**TRY IT**
Omitting all pictures, print the lines of the listing from the one containing "Indonesia leader Widodo" through the final line, both ends included, with no other text.

**MATERIAL FOR THIS TASK**
----
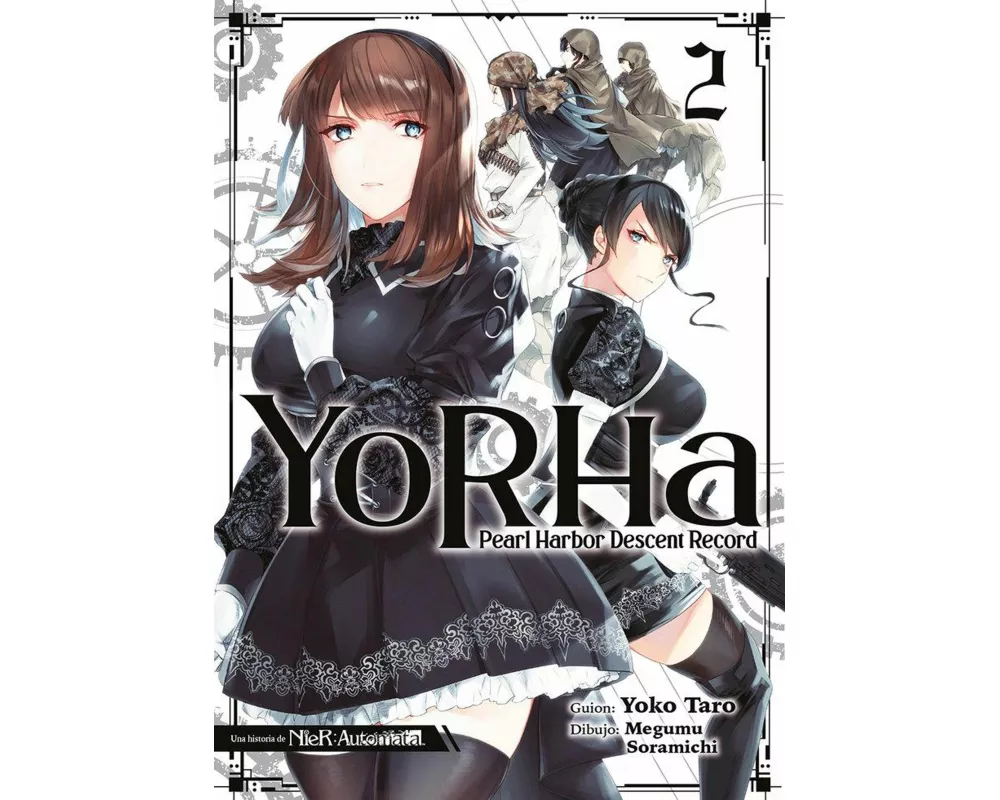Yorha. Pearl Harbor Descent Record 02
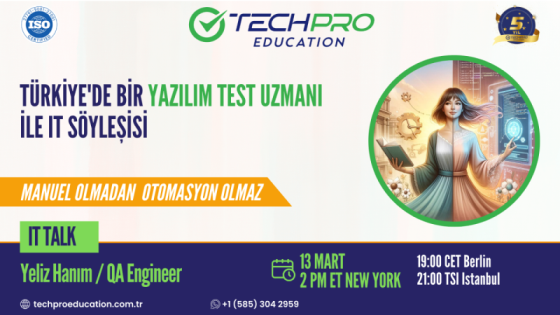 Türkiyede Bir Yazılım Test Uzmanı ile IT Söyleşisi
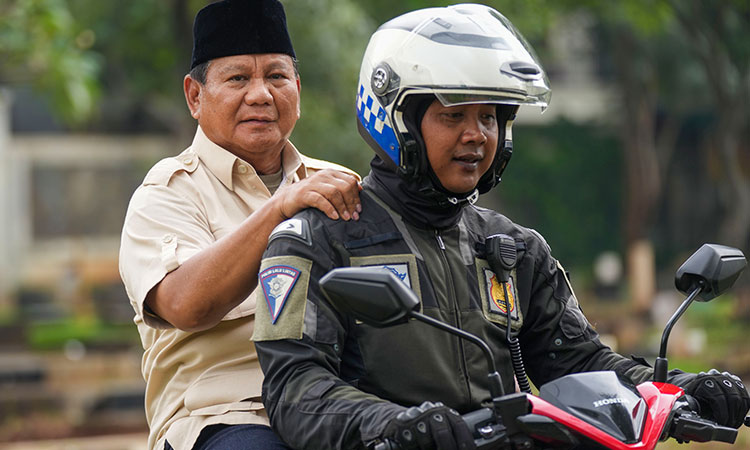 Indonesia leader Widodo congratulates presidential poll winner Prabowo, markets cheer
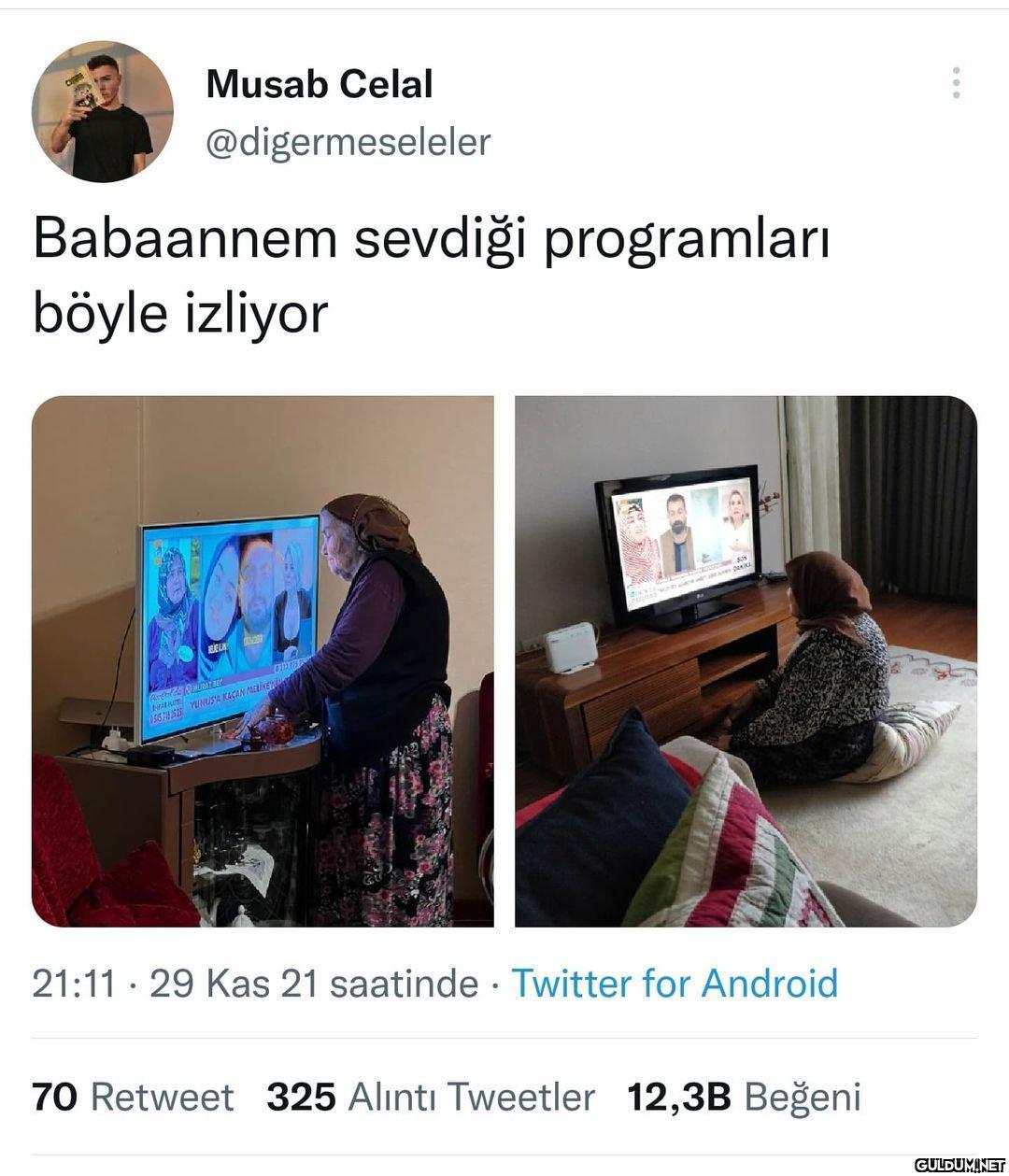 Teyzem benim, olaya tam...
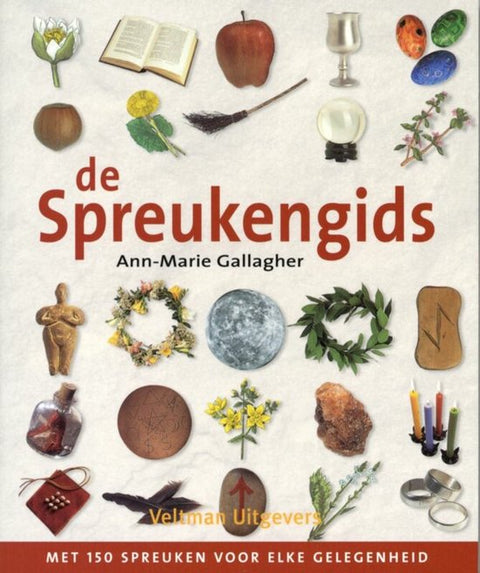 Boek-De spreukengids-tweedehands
----
**RESPONSE BELOW**
 Indonesia leader Widodo congratulates presidential poll winner Prabowo, markets cheer
 Teyzem benim, olaya tam...
 Boek-De spreukengids-tweedehands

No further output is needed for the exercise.